The Malta Financial Services Authority is drawing the attention of local investors to a possible fraudulent scheme or financial scam operating under the brand name Fxtrade Capital Markets Ltd / Fxtradewolf.
The MFSA said that this shady broker is operating without proper authorisation and is likely to be an international “get-rich-quick” scam. The watchdog added that contrary to claims on its websites, Fxtradewolf doesn’t represent a Maltese entity.
Its domain https://fxtradewolf.com/ is also not known to the MFSA or authorised to provide any type of financial service in or from Malta, including the provision of investment services. Further, it described the firm behind them as likely a scheme of dubious nature with a high risk of loss of money.
“The MFSA wishes to alert the public that Fxtrade Capital Markets Ltd/Fxtradewolf is NOT a Maltese registered Company NOR licensed or otherwise authorised by the MFSA to provide any investment services or other financial services which are required to be licensed or otherwise authorised under Maltese law. The public should therefore refrain from entering into any transactions or otherwise dealing with the above-mentioned Entity on any matters falling within the parameters of the Investment Services Act, Chapter 370 of the Laws of Malta,” the regulator states.
MFSA had a peak on its warning list
Malta’s financial regulator has recently issued warnings against many FX and crypto websites that falsely claimed to be licensed by the nation.
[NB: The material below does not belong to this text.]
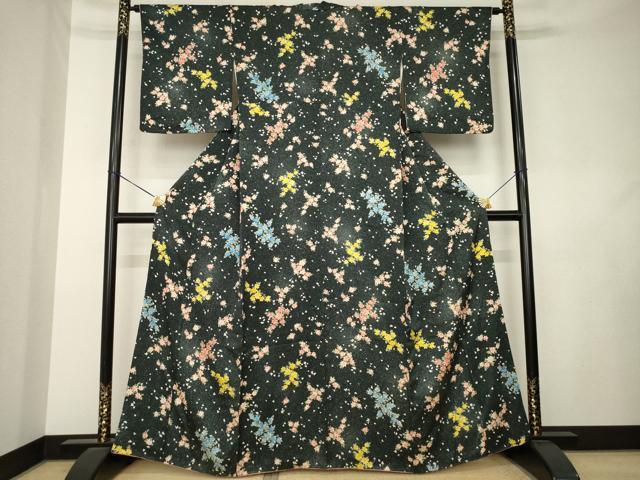 平和屋着物●上質な小紋 舞花文 黒地 正絹 逸品 AABL0908ck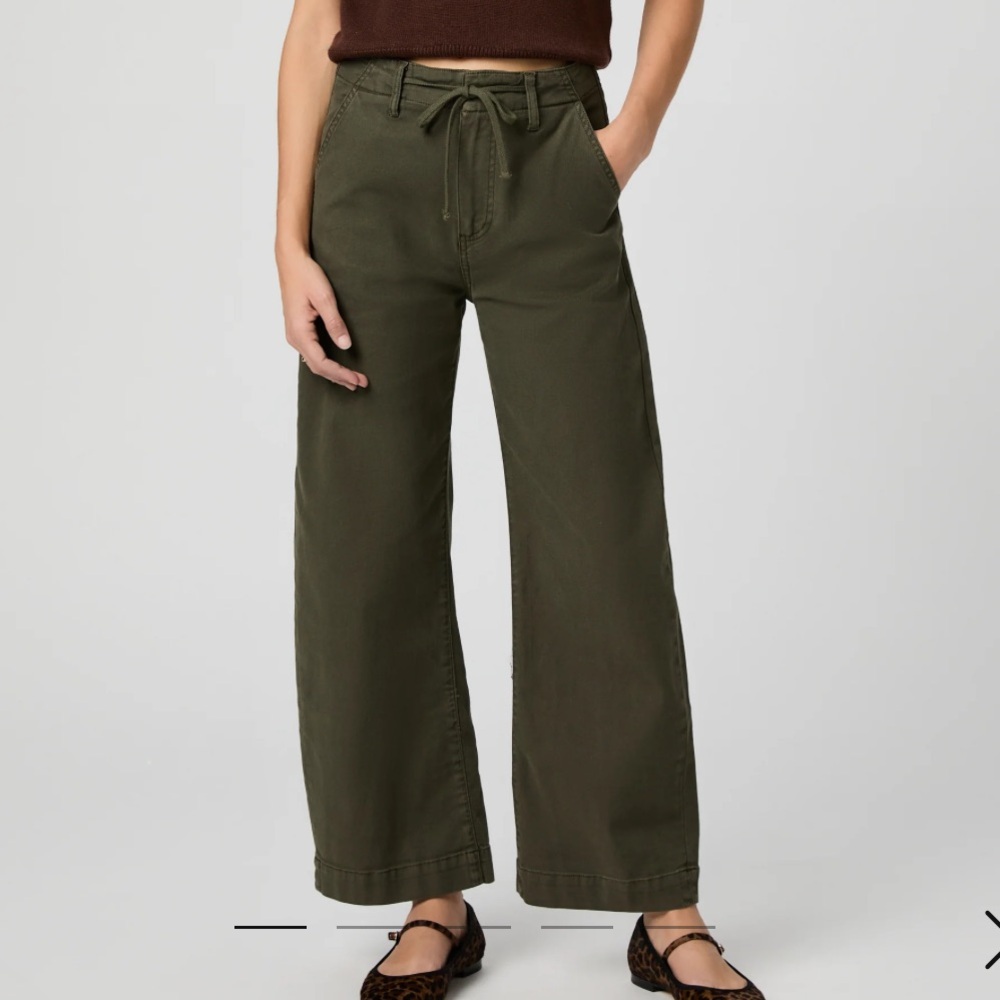 PAIGE Olive Green Wide-Leg Pants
Earlier this month, it called out the “Deriv Investment” and “Perfect Choice Trade” in twin warnings. Both entities had claimed to be licensed, registered or domiciled in Malta, all of which MFSA denied.
Following in the footsteps of several European regulators, the Malta Financial Services Authority has revamped its regulatory landscape over the last two years. The changes hit almost all investment services providers, including applicants for Category 2 or Category 3 licenses which allow firms to offer contracts for differences (CFDs) and spot forex contracts under the MiFID regime.
Furthermore, the Maltese financial watchdog emphasized that operating a crypto-related business in the country requires an MFSA license under the Virtual Financial Assets Act of 2018. As such, the MFSA reminded the public that due diligence is important.